What causes him to have to invest capital is each additional simultaneous connection which uses his network. These analogize to subscribers to his service, not bits of data sent over his network.

I mean, does he really believe that he can change people's collective usage patterns during peak hours merely by limiting their consumed bandwidth for the whole month? Surely not. If anything, it will persuade people to eliminate their extraneous data usage and only use it when the data connection is "most important". I'm not one for blind guessing, but I have hunch that these "most important" times of data access probably correlate to his current peak hours.

The power companies face this same problem with throughput, and what do they do? Do they cap the amount of power you can receive per month in order to alleviate load? No! They invest in throughput, and when things get sketchy during peak times, they enforce throughput caps like rolling brownouts.

I have a hunch AT&T also does this with their forced data throttling on those who are consuming the most bandwidth, as if they were the problem! But they are also convincing people to pay more for less with monthly data caps. How they can get away with this is very surprising to me, personally.


I suspect their ability to get away with it has an inverse correlation to their customer's ability to understand what's going on. There's probably a little bit of the execs having no idea what's going on as well. (They don't strike me as the types who would easily understand the difference you pointed out.)

As customers become more knowledgable about what's going on, and why it makes no sense - AT&T et al will either be required to change their business model or someone will eat their lunch.

I keep hoping the same thing will happen with the major cable companies as well. Die, Comcast, die.


This is like regreting modern agriculture because you could charge more from starving people if food was lacking. When given the option, the monopolies will always go after the "easy" model, which is of scarcity, instead of making money by just offering plain good service in the first place.


It does not surprise me in the slightest that the AT&T CEO spends his nights lying awake regretting that he could have screwed his customers even harder.

Can imagine him holding back sobs as he considers how he might even have held back the future for 2, 3 more years and squeezed a few more dollars out of 10000% markups on SMS, charging by the kilobyte for data and restricting access to only approved apps/websites. Poor guy, you can tell it's going to haunt him.

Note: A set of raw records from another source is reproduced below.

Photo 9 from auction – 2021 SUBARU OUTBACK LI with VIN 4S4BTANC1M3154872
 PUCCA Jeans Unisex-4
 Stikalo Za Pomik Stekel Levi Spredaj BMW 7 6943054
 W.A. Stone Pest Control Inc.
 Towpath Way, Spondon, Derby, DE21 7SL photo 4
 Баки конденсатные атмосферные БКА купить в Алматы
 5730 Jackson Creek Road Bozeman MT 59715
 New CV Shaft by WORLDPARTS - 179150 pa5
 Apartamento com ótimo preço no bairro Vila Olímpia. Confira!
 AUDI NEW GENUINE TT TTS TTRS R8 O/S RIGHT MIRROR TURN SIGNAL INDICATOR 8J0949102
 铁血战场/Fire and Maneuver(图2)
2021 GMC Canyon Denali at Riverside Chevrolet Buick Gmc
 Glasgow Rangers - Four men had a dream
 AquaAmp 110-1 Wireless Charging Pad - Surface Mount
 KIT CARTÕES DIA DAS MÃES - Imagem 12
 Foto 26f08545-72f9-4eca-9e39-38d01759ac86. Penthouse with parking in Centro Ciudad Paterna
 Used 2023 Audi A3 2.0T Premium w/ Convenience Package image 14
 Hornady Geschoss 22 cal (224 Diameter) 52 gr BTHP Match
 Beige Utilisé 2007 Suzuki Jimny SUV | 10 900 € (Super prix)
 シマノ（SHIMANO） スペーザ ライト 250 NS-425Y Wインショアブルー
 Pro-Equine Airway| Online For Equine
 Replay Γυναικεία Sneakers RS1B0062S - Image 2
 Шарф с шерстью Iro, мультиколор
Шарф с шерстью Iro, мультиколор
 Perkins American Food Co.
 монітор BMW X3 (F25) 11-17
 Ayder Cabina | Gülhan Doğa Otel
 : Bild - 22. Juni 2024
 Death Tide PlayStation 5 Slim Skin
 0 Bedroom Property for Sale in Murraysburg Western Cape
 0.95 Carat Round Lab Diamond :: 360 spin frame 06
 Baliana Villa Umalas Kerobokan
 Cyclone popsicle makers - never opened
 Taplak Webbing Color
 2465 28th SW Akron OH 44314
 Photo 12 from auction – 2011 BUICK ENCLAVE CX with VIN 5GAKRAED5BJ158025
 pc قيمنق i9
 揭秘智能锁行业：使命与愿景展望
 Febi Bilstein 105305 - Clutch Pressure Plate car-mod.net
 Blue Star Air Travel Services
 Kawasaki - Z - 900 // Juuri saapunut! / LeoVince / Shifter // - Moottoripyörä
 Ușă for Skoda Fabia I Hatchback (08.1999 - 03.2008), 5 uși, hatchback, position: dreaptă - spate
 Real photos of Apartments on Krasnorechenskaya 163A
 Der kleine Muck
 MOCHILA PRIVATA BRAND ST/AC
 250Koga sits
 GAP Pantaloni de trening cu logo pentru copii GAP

When something is disrupting your business model, move as fast as you can.

You'll have nothing to worry about but finding a new job after your company fail due to competitive pressure.


I would be fine with a data transfer cap, if it scaled with technology or time. However looking at my internet provider, I have not seen an increase in the data cap since it was implemented. Meanwhile both services and technological capability have increased.


A CEO publicizing regret over a business decision? Hold on to your wallets, iPhone users.


I voice regret of actually using AT&T.